▶ _Work required_
For this exercise, output exactly the lines from the opening line of the listing through the line with "Image of Lip", skipping pictures.

▶ _Data shown_
=====

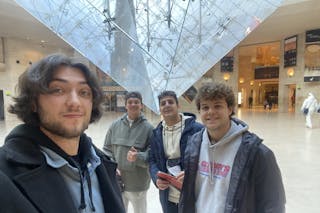 Jaran Roste '21, GS'24 poses at the Louvre Museum with members of the Bethels business department’s study abroad trip in Paris.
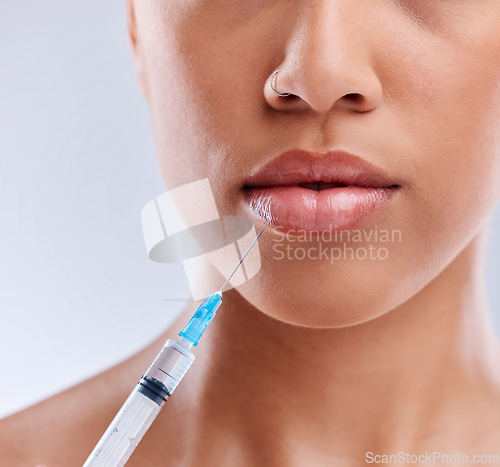 Image of Lip filler, injection and beauty, woman and cosmetic surgery with face closeup isolated on white background. Skincare, liquid collagen and female model, skin and syringe with dermatology in studio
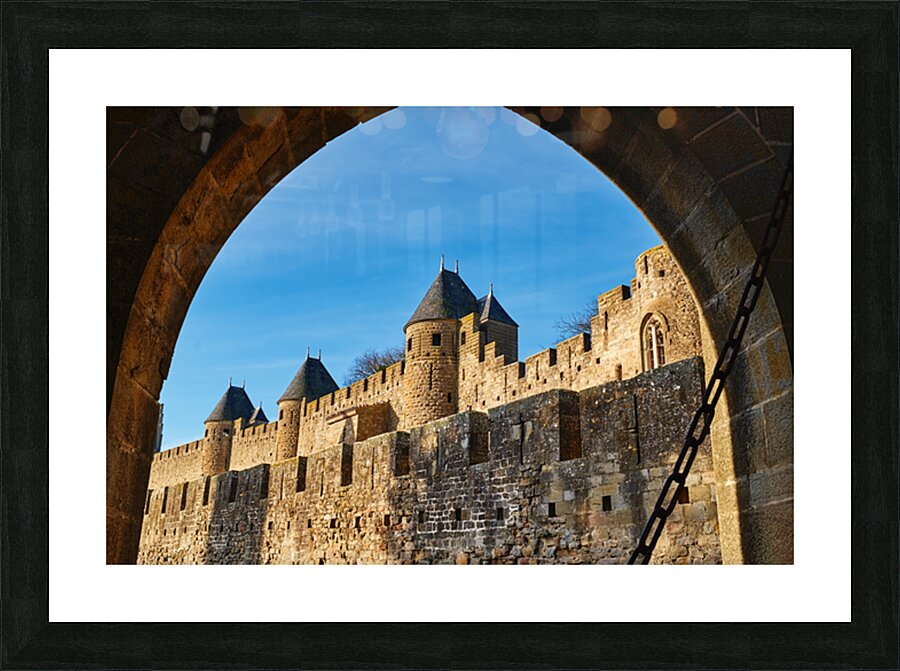 Exploring the historic walls of Carcassonne in France under blue Picture Frame print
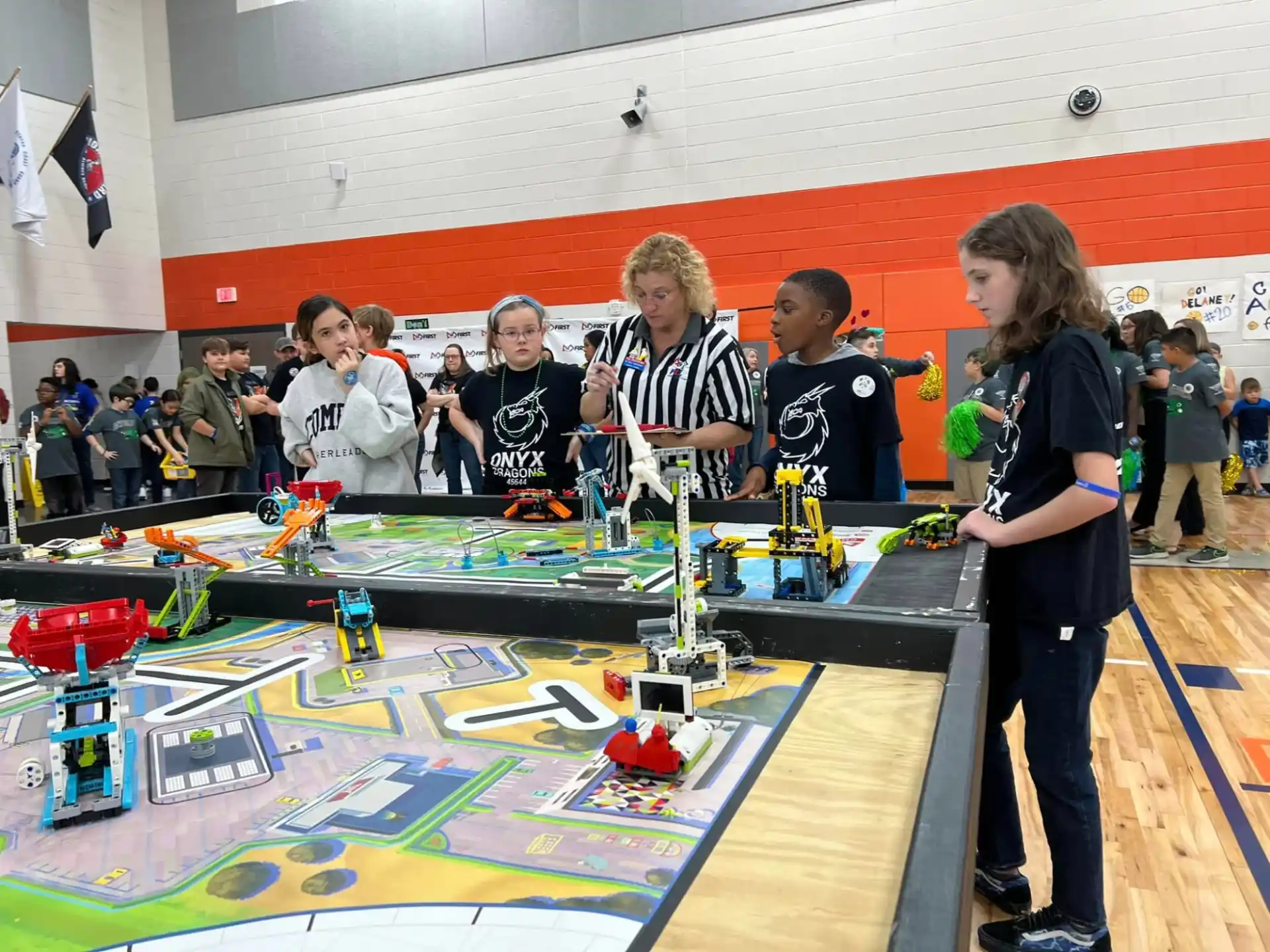 a group of people standing around a table with a model train on it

=====

▶ _Result of this task_
 Jaran Roste '21, GS'24 poses at the Louvre Museum with members of the Bethels business department’s study abroad trip in Paris.
 Image of Lip filler, injection and beauty, woman and cosmetic surgery with face closeup isolated on white background. Skincare, liquid collagen and female model, skin and syringe with dermatology in studio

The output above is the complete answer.